TASK TO COMPLETE: Copy out the data in full and exactly, passing over the pictures.

Stored data entries:
··········
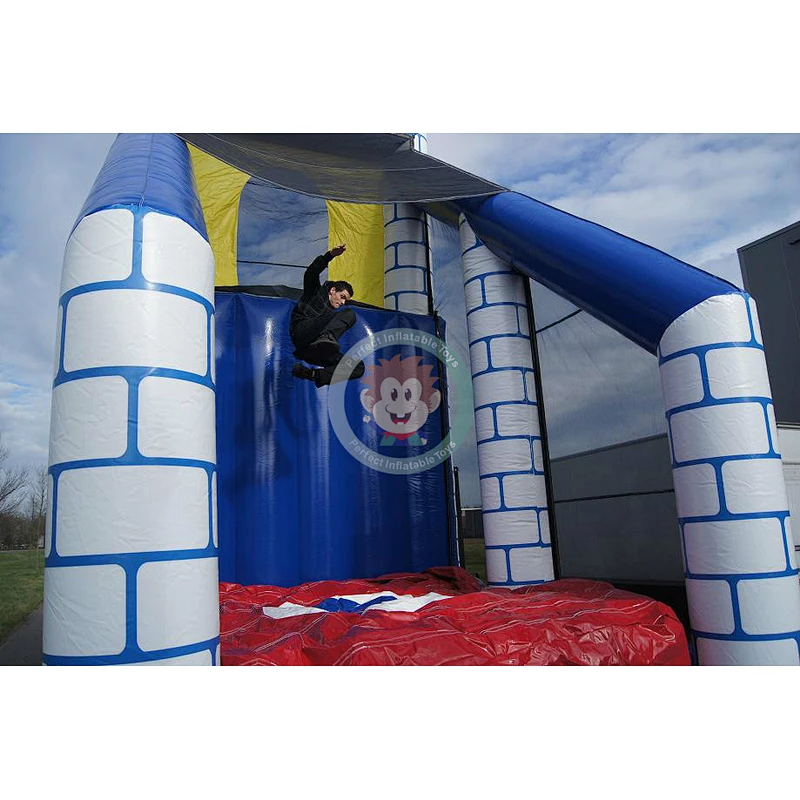 Course Water House Inflatable Obstacle 5k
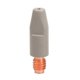 thumbnail image 5 of 9Pcs 24KD Coating Protection Nozzle 0.8mm MIG Torch Gas Nozzle Tip Holder of 24KD MIGMAG Welding Tor, 5 of 5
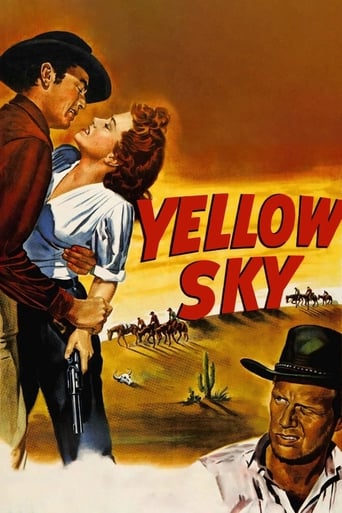 Yellow Sky 1948 (آسمان زرد)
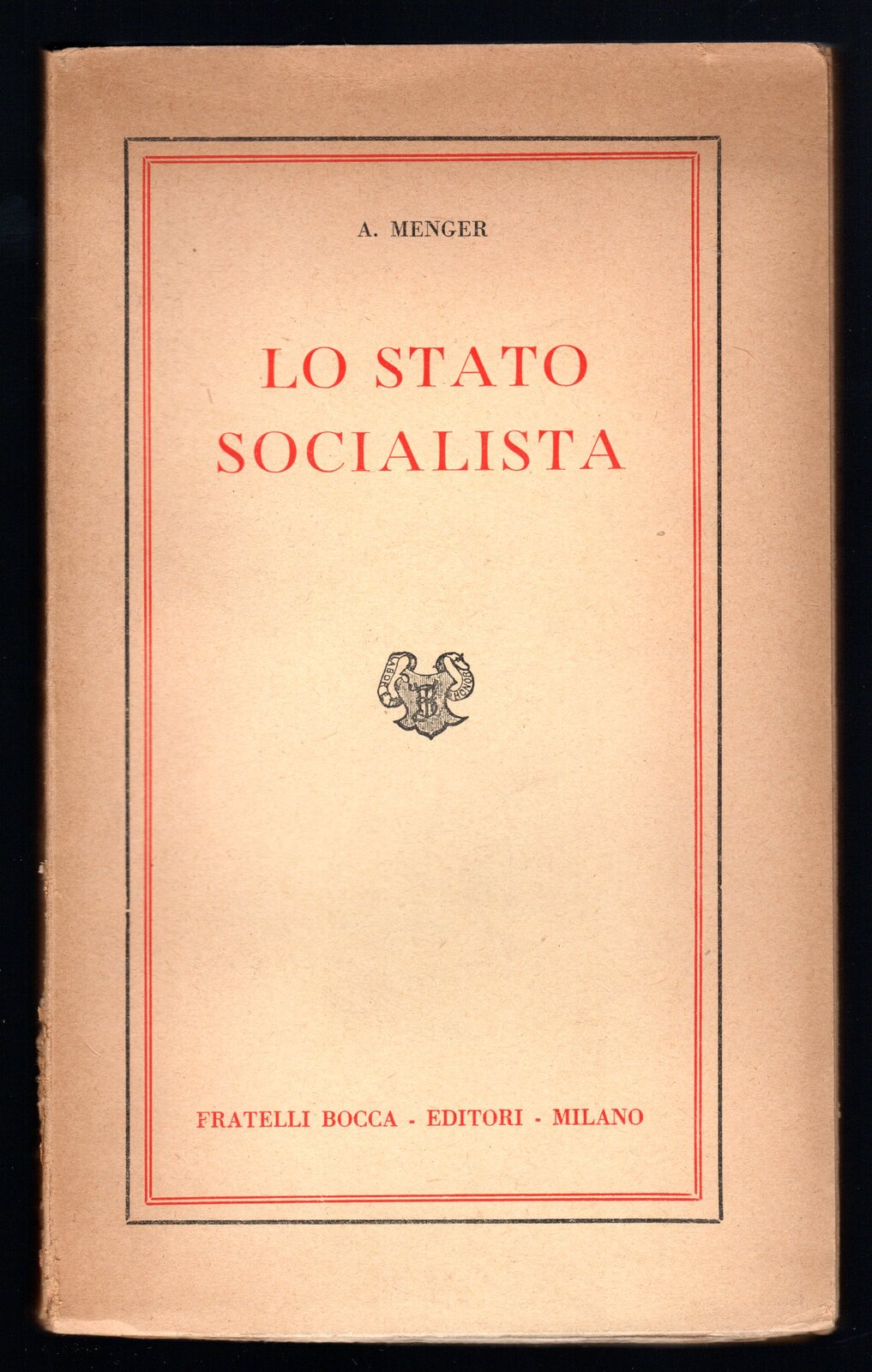 Lo stato socialista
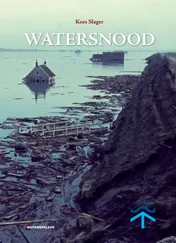 Omslag van Watersnood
··········
YOUR RESPONSE:
 Course Water House Inflatable Obstacle 5k
 thumbnail image 5 of 9Pcs 24KD Coating Protection Nozzle 0.8mm MIG Torch Gas Nozzle Tip Holder of 24KD MIGMAG Welding Tor, 5 of 5
 Yellow Sky 1948 (آسمان زرد)
 Lo stato socialista
 Omslag van Watersnood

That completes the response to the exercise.